Tools of the trade: Processing Dynamics data with the Spark CDM connector

IMG_0219Crop

This is the 13th post in a series of blog posts using a theme of “Tools of the trade”. The series targets software tools, statistical concepts, data science techniques, or related items. In all cases, the topic will contribute to accomplishing data science tasks.
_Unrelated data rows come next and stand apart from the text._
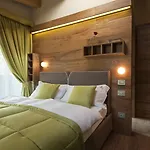 Sottovento Luxury Hospitality מלון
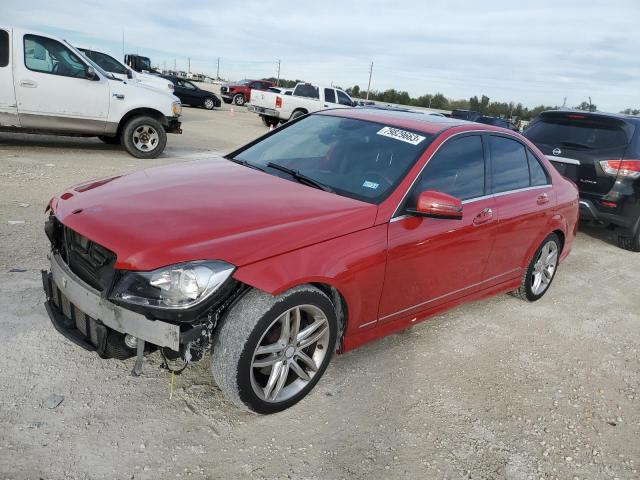 Obraz 1 z 2014 MERCEDES-BENZ C 250 2014 z VIN WDDGF4HB3EA948202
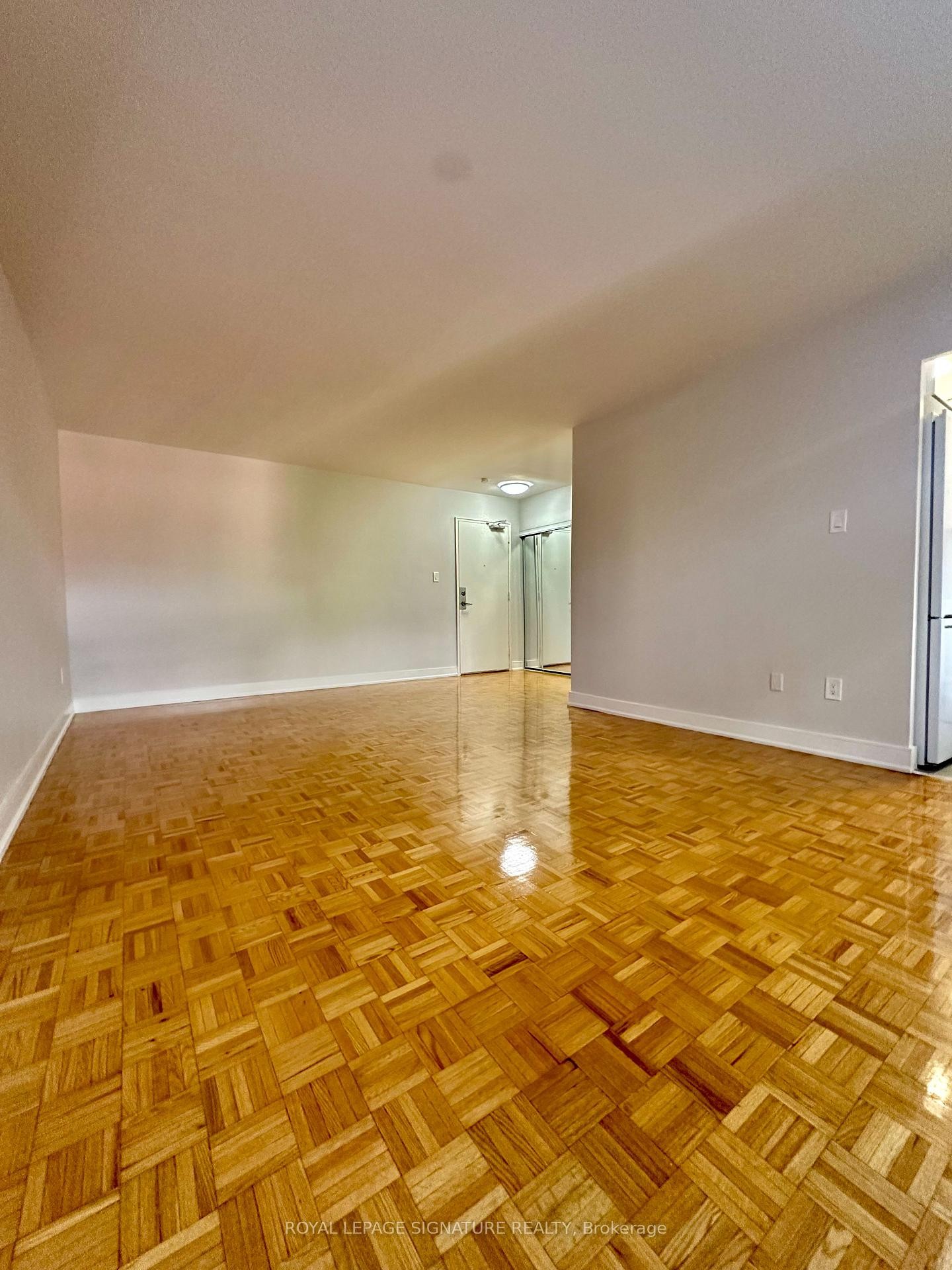 309-1291 Bayview Avenue, Toronto, ON - Indoor Photo Showing Other Room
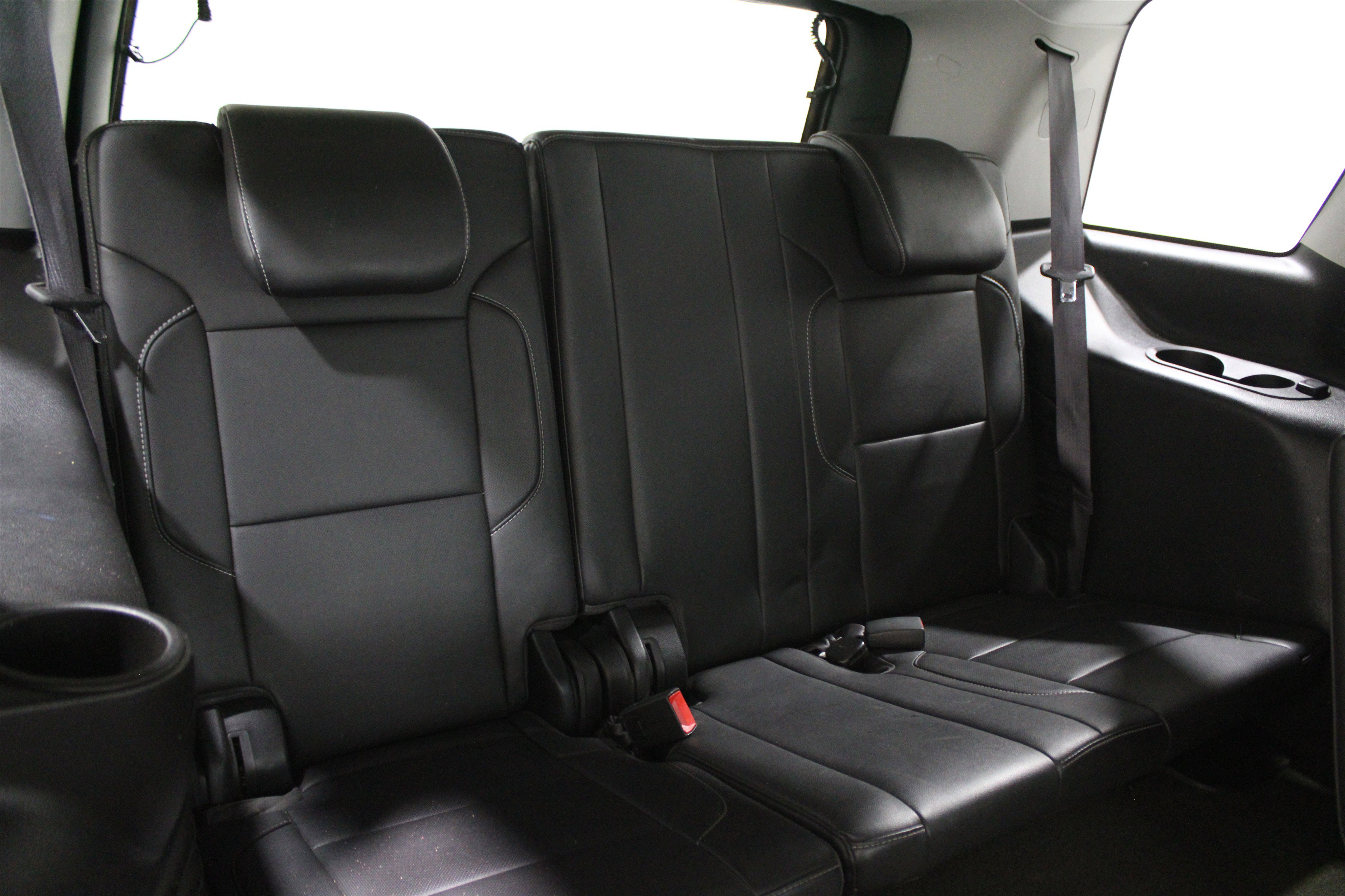 Used 2016 GMC Yukon SLT w/ Open Road Package image 29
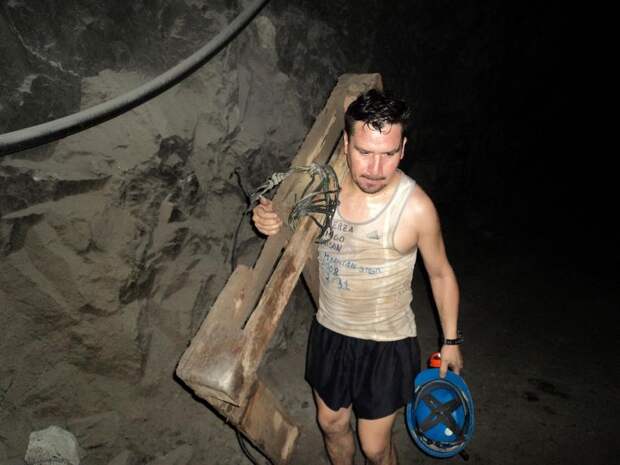 69 суток по землей: фоторепортаж, снятый шахтером в завале
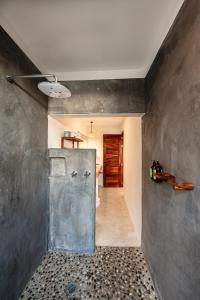 a room with a concrete wall and a hallway at Casa Kuaa in Brisas de Zicatela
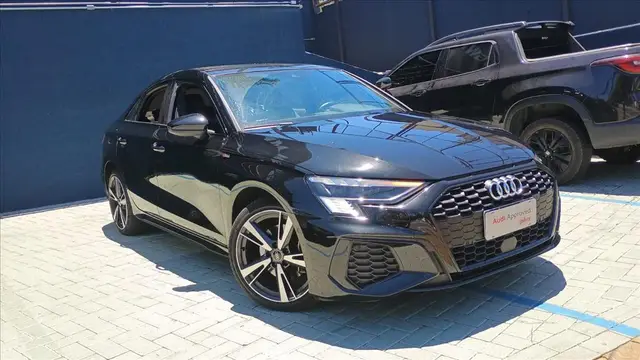 Carro Audi A3 2023 Performance Black 2.0 TFSI S tronic (Aut)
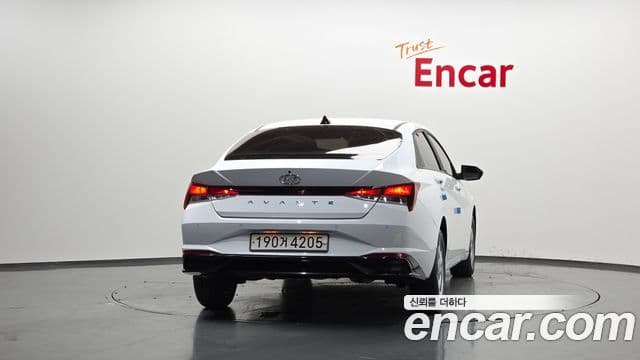 Hyundai Avante 2021 — ფოტო 4/20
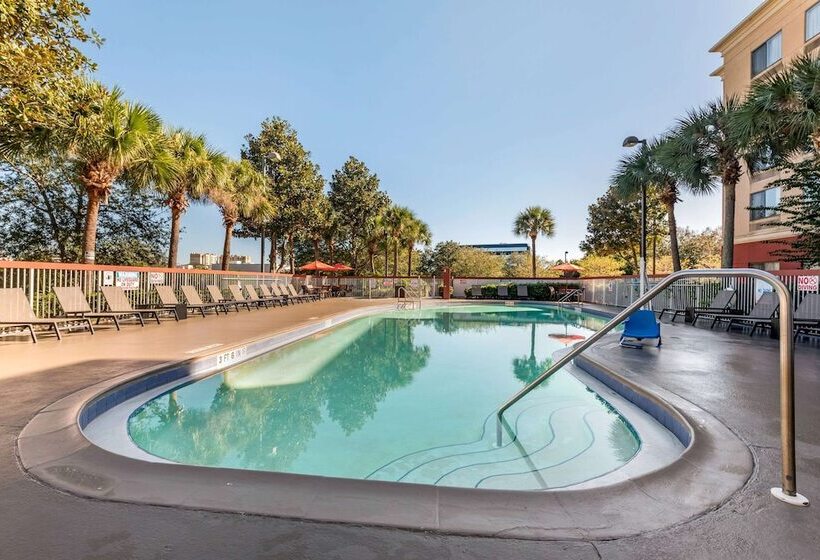 ホテル Comfort Inn & Suites Near Universal Orlando Resortconvention Ctr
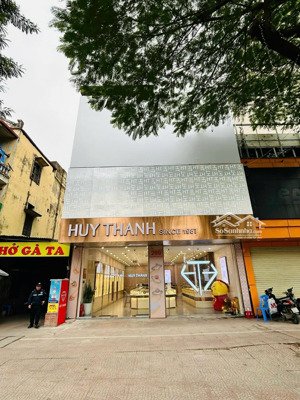 cho thuê nhà mặt phố cầu giấy, được thiết kế 3 tầng với dt: 105m2/sàn, mặt tiền 7m, giá cực hot!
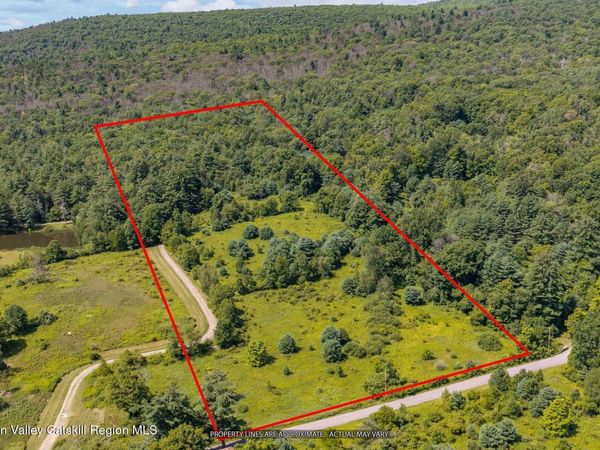 93 Baker Road, Kerhonkson, NY 12446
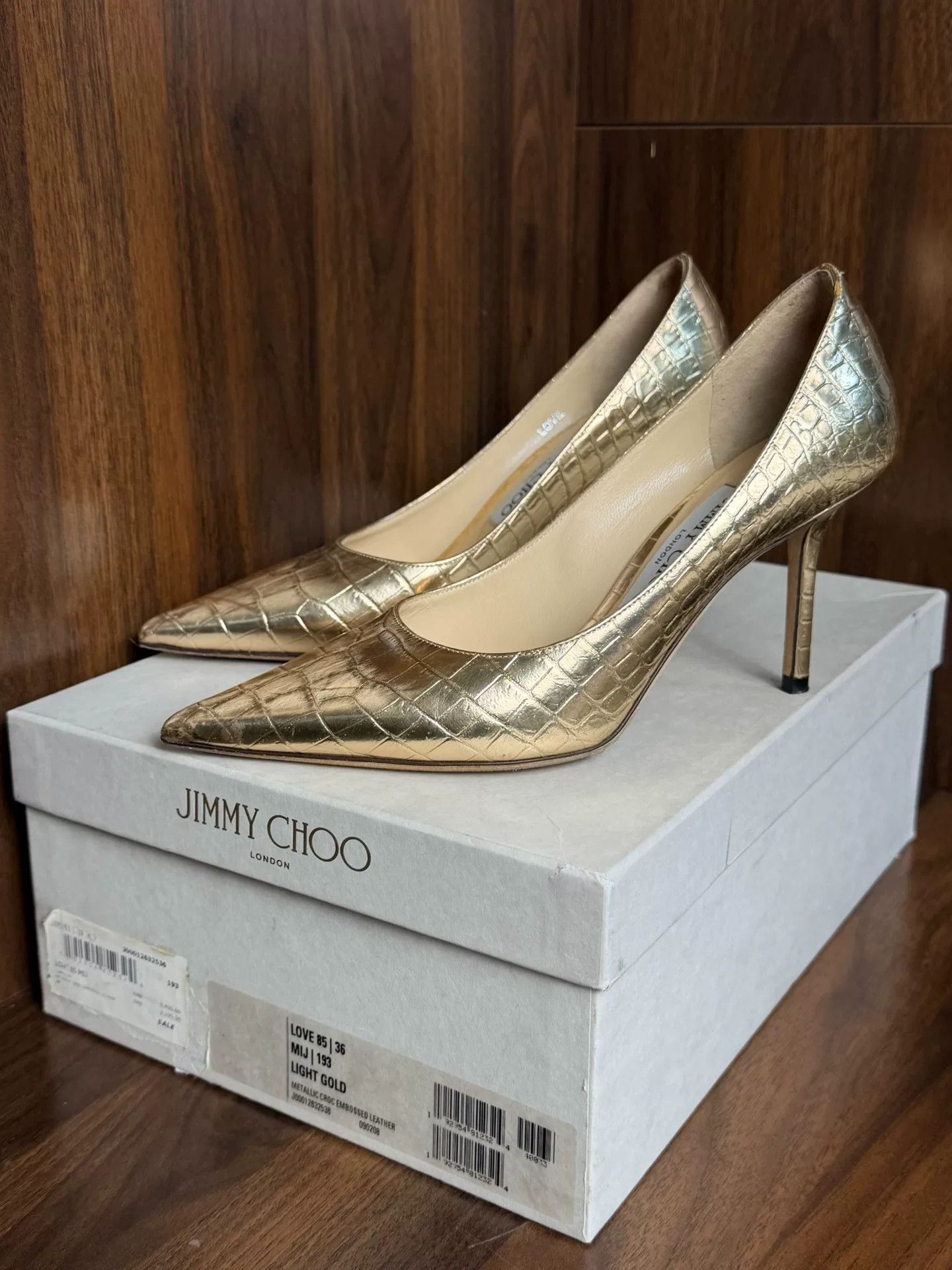 Jimmy Choo Jimmy Choo Gold Lowtop Sneakers us_7 Women Size US 7 / IT 37 - 1 Thumbnail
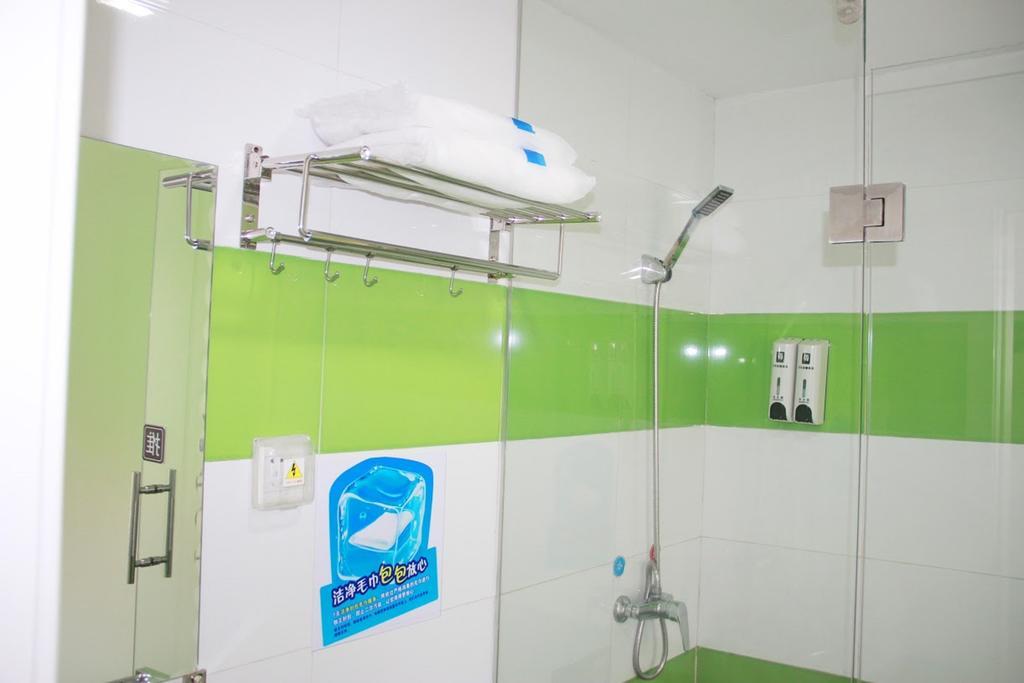 7Days Inn Jiangmen Peng Jiang Qiao North Buitenkant foto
The target audience for the posts is engineers, analysts, and managers who want to build their knowledge and skills in data science, particularly those in the Microsoft Dynamics ecosystem.

This post targets the Common Data Model (CDM) connector for Spark.

What is it?

Per spark-cdm-connector/overview.md at master · Azure/spark-cdm-connector (github.com), “The Spark CDM Connector enables a Spark program to read and write CDM entities in a CDM folder via Spark dataframes.” The CDM is the Common Data Model. It provides a “a shared data language for business and analytical applications to use” (Common Data Model – Common Data Model | Microsoft Docs).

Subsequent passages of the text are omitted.